Task directions:
Whenever the string "used" turns up in a line below, that line should be copied.

The data: Begin

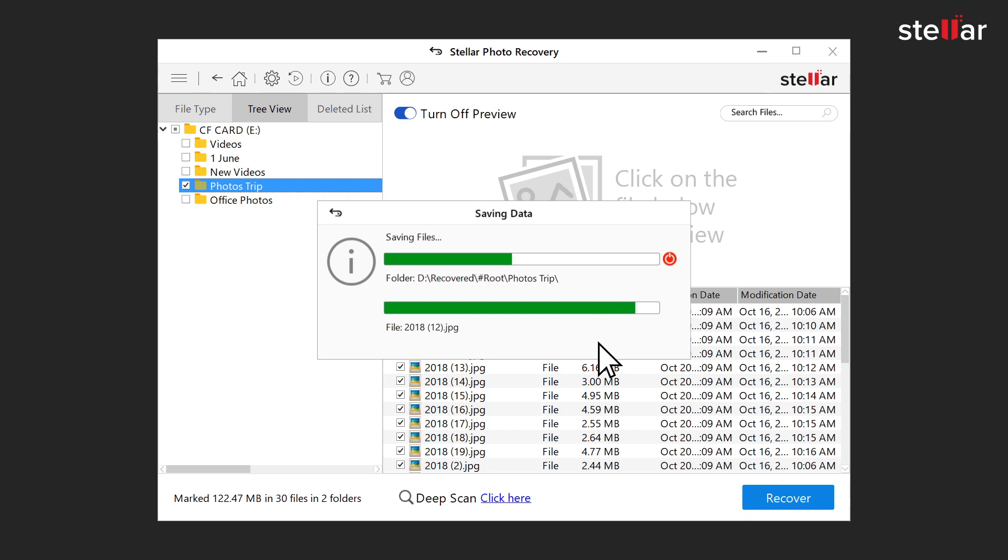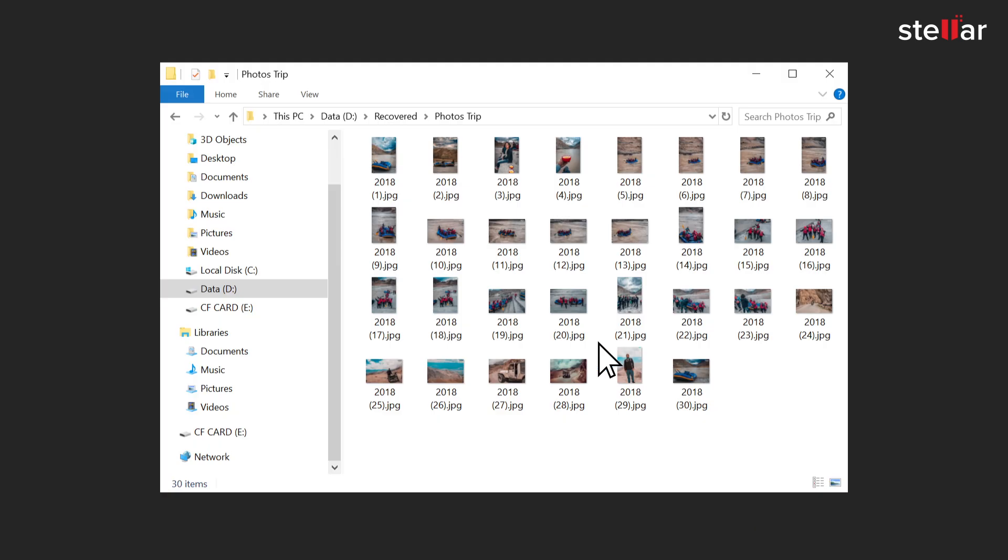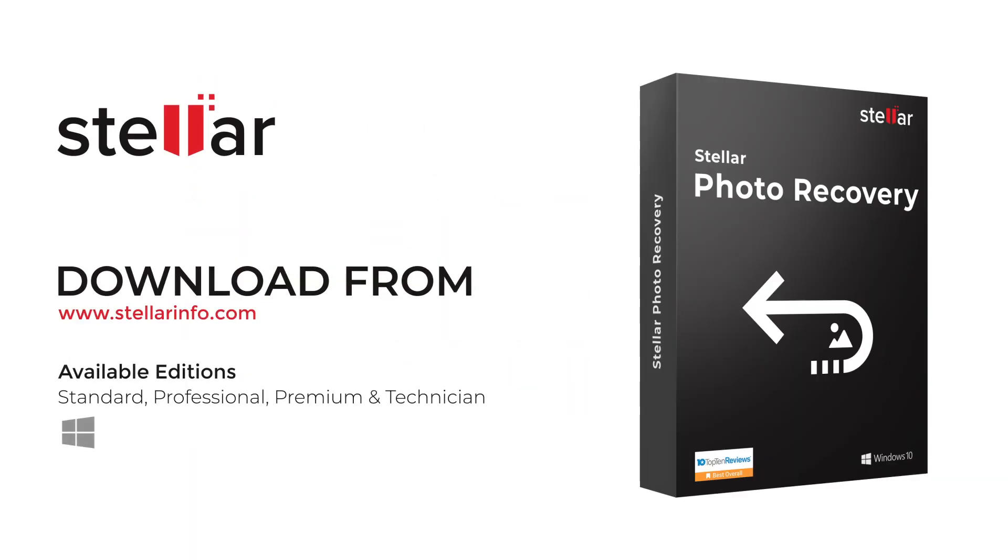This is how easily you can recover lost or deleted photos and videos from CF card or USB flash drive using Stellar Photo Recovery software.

The data: End
The data: Begin

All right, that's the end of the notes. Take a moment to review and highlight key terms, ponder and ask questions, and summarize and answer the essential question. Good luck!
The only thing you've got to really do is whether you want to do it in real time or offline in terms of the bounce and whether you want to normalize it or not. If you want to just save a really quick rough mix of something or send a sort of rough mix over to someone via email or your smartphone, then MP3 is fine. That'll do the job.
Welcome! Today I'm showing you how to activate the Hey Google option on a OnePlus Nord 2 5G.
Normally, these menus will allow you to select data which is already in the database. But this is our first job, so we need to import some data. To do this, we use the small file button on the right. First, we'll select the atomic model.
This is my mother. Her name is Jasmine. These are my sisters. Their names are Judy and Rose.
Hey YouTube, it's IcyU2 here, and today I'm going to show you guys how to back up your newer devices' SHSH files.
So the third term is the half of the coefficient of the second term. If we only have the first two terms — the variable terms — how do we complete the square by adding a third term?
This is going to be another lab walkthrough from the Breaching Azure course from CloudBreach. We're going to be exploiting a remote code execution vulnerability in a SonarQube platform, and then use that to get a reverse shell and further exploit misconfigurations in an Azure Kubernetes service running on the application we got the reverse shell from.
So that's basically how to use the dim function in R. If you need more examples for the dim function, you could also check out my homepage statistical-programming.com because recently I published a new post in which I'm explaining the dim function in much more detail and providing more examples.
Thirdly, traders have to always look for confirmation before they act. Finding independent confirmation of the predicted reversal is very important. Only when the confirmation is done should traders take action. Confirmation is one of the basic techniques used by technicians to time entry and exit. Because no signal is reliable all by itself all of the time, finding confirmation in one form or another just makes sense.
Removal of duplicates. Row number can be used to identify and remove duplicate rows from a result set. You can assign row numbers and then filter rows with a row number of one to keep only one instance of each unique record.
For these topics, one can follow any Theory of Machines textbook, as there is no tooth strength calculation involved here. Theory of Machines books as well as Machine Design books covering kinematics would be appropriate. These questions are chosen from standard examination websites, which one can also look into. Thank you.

The data: End

Your response:
Thirdly, traders have to always look for confirmation before they act. Finding independent confirmation of the predicted reversal is very important. Only when the confirmation is done should traders take action. Confirmation is one of the basic techniques used by technicians to time entry and exit. Because no signal is reliable all by itself all of the time, finding confirmation in one form or another just makes sense.
Removal of duplicates. Row number can be used to identify and remove duplicate rows from a result set. You can assign row numbers and then filter rows with a row number of one to keep only one instance of each unique record.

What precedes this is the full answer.